6

Situation: The file to be downloaded is a large file (>100MB). It takes quite some time, especially with slow internet connection.

Problem: However, I just need the file header (the first 512 bytes), which will decide if the whole file needs to be downloaded or not.

Question: Is there a way to do download only the first 512 bytes of a file?

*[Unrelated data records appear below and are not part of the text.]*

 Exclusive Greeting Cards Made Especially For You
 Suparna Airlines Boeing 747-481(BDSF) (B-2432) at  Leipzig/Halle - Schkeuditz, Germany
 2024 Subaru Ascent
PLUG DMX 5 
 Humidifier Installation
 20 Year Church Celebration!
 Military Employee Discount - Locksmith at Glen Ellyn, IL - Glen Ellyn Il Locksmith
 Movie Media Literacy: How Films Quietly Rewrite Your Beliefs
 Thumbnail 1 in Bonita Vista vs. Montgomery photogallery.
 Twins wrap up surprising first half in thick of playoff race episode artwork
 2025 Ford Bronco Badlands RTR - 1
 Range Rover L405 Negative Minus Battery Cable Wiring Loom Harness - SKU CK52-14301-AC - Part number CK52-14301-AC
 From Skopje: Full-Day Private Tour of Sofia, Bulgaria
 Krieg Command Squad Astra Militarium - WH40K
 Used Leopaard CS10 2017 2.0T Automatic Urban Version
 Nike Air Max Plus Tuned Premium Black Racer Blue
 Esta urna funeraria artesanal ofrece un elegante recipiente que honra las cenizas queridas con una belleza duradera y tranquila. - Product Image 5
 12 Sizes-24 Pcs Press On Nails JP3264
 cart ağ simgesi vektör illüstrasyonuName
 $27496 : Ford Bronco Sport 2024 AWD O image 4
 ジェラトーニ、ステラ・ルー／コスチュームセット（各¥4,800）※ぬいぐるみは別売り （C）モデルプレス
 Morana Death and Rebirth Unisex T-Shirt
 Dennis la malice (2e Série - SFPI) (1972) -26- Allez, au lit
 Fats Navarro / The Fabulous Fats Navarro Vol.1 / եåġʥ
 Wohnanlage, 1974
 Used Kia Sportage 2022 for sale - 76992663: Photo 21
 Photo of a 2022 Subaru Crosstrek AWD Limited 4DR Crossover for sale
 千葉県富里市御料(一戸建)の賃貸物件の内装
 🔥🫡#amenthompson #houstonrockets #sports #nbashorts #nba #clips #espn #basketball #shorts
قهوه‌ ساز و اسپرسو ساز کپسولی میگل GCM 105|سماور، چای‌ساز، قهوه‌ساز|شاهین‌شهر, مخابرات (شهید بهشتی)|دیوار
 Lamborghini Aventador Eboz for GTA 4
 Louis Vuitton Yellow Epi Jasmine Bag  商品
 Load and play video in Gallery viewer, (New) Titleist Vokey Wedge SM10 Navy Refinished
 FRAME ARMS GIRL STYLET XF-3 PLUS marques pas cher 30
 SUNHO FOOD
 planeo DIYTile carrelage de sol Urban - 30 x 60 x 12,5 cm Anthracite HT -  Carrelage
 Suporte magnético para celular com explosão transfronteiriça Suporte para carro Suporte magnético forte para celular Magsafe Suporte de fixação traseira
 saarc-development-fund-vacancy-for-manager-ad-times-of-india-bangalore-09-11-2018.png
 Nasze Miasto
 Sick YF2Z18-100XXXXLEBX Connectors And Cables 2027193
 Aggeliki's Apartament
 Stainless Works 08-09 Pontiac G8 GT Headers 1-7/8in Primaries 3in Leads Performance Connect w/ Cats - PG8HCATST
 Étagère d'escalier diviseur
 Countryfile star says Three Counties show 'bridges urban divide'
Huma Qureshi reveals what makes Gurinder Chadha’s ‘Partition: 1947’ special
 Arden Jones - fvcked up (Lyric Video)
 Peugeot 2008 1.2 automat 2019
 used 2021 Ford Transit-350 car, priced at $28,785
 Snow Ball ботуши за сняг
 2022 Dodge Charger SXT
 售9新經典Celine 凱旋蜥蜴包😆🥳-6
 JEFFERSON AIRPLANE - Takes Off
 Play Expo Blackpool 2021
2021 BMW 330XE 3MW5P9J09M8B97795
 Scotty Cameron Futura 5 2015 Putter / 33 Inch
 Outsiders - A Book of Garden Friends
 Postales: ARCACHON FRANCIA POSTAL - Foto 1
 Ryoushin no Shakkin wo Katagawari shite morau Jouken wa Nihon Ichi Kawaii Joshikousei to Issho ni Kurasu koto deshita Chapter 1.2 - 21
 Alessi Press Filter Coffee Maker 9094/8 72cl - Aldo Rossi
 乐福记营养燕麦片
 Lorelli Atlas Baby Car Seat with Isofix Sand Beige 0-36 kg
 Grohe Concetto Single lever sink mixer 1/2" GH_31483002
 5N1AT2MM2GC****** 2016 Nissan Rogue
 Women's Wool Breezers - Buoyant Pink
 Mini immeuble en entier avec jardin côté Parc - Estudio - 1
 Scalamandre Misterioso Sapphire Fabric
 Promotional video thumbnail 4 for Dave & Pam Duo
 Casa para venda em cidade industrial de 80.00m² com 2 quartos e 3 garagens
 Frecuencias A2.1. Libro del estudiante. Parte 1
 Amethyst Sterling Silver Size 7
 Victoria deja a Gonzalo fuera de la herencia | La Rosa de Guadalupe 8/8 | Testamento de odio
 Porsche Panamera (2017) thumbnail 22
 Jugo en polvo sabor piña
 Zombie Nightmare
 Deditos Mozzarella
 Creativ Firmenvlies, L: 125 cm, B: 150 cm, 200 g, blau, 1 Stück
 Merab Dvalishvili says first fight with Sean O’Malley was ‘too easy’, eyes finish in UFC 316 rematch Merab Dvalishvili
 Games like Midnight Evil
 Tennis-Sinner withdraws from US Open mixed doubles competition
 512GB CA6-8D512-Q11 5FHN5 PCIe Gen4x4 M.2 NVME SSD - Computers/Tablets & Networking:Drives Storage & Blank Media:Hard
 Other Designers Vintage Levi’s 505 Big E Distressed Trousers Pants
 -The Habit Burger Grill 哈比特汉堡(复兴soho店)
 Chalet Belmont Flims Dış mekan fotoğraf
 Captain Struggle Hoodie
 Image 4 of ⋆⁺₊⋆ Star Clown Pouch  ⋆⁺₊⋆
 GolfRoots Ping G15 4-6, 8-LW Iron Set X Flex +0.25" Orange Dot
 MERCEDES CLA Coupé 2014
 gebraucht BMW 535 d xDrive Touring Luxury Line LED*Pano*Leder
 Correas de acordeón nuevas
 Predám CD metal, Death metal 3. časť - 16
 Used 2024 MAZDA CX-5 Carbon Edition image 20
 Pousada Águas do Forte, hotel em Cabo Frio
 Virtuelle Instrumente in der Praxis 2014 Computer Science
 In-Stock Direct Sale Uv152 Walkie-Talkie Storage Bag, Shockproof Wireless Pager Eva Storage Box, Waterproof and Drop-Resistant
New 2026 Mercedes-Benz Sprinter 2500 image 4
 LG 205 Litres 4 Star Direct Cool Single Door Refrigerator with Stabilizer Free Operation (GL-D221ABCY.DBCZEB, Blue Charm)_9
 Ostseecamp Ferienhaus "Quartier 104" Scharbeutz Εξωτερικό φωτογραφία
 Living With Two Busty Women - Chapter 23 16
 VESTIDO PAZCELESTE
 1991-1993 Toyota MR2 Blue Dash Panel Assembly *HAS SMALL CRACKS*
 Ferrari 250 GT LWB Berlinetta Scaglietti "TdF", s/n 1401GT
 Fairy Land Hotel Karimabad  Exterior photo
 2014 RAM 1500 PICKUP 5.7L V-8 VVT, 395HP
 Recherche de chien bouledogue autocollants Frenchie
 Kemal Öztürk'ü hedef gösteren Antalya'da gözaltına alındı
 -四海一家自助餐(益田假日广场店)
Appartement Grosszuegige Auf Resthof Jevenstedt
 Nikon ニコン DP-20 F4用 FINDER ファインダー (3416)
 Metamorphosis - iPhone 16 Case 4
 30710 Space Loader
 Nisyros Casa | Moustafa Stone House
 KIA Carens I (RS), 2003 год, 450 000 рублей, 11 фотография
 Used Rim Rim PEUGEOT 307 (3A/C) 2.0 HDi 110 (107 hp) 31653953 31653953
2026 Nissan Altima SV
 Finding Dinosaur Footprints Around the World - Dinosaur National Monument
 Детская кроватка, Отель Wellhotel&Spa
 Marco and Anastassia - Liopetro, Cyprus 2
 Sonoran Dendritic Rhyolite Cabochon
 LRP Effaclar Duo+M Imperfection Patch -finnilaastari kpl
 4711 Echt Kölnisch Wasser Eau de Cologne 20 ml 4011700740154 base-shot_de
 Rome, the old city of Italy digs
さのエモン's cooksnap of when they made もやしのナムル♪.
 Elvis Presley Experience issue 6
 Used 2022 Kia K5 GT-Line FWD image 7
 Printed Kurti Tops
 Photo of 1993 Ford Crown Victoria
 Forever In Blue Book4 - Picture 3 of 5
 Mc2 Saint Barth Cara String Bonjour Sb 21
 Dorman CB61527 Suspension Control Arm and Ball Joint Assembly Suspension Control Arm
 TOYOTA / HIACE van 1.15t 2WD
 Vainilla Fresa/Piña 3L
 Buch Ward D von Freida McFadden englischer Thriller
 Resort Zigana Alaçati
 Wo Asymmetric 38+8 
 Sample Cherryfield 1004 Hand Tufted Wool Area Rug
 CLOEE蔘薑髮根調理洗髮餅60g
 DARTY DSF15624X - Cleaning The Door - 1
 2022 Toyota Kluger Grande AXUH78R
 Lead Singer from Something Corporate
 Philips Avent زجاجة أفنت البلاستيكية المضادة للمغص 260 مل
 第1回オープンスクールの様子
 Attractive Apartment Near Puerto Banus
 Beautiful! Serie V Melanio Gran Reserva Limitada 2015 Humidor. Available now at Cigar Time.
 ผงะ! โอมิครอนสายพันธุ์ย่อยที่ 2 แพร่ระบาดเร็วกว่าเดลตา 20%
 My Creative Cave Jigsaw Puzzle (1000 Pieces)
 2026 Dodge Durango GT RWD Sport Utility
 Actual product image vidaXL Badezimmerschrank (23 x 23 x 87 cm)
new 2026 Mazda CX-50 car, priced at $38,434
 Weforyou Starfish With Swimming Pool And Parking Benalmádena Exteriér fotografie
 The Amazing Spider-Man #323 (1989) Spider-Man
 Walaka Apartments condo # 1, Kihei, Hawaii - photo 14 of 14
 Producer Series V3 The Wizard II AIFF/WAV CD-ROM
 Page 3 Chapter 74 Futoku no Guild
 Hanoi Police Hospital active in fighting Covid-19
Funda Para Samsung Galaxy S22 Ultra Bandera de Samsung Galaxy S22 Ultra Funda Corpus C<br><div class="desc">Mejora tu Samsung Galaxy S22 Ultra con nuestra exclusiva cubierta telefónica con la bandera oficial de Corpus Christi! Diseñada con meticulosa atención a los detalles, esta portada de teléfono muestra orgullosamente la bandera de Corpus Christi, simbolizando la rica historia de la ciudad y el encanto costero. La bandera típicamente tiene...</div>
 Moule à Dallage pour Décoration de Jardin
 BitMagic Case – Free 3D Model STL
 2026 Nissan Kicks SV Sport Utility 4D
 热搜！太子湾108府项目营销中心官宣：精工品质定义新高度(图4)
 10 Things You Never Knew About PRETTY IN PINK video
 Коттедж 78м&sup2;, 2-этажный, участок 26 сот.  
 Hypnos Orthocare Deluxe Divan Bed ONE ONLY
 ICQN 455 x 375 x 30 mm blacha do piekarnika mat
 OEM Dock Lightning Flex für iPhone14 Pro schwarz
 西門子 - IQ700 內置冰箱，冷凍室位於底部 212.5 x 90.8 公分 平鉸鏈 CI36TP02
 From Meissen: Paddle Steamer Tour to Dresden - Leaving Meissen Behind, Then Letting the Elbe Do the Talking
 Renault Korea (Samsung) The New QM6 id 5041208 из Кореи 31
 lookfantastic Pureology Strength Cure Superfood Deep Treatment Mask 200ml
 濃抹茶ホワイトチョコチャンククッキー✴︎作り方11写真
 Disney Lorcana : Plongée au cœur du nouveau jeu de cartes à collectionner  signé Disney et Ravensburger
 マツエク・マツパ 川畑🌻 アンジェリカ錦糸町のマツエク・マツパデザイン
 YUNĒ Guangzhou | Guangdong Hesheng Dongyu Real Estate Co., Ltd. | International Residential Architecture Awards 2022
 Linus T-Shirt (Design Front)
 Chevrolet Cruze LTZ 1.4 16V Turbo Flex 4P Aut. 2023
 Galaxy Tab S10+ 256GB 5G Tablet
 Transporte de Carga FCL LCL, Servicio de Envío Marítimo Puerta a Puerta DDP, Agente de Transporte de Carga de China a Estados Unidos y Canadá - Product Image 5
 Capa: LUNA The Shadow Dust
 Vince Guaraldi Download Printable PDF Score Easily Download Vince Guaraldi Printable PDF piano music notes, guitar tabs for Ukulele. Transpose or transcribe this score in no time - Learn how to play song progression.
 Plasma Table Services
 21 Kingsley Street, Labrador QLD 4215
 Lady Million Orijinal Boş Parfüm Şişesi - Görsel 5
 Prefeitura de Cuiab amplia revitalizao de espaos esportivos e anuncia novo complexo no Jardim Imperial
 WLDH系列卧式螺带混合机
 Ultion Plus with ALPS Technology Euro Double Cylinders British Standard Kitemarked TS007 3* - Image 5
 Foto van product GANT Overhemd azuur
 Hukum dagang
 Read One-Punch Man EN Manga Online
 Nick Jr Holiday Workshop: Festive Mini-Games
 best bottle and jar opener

Additional information: Currently the download is done using urllib.urlretrieve in Python2.7

Timothy Wong
  • 689
  • 3
  • 9
  • 28

2 Answers2

2

I think curl and head would work better than a Python solution here:

curl https://my.website.com/file.txt | head -c 512 > header.txt

EDIT: Also, if you absolutely must have it in a Python script, you can use subprocess to perform the curl piped to head command execution

EDIT 2: For a fully Python solution: The urlopen function (urllib2.urlopen in Python 2, and urllib.request.urlopen in Python 3) returns a file-like stream that you can use the read function on, which allows you to specify a number of bytes. For example, urllib2.urlopen(my_url).read(512) will return the first 512 bytes of my_url

Niema Moshiri
  • 909
  • 5
  • 14
  • Ah yes. The edit was what I needed. But no Python modules can do this? – Timothy Wong Jan 15 '18 at 06:43
  • 3
    The `urlopen` function (`urllib2.urlopen` in Python 2, and `urllib.request.urlopen` in Python 3) returns a file-like stream that you can use the `read` function on, which allows you to specify a number of bytes. For example, `urllib2.urlopen(my_url).read(512)` will return the first 512 bytes of `my_url`. However, I'm not certain this will *only* download 512 bytes, or if it will try to download the entire file behind-the-scenes and just return the first 512 – Niema Moshiri Jan 15 '18 at 06:47
  • the one in the comment works. do you want to replace it and let me accept as answer? – Timothy Wong Jan 15 '18 at 07:02
  • Might I add on that `urllib` also has the same module. If you choose to lessen the number of libraries you are importing. (I have imported `urllib` and was actually hesitant to import `urllib2`) – Timothy Wong Jan 15 '18 at 15:14
0

If the url you are trying to read responds with Content-Length header, then you can get the file size with urllib2 in Python 2.

def get_file_size(url):
    request = urllib2.Request(url)
    request.get_method = lambda : 'HEAD'
    response = urllib2.urlopen(request)
    length = response.headers.getheader("Content-Length")
    return int(length)

The function can be called to get the length and compared with some threshold value to decide whether to download or not.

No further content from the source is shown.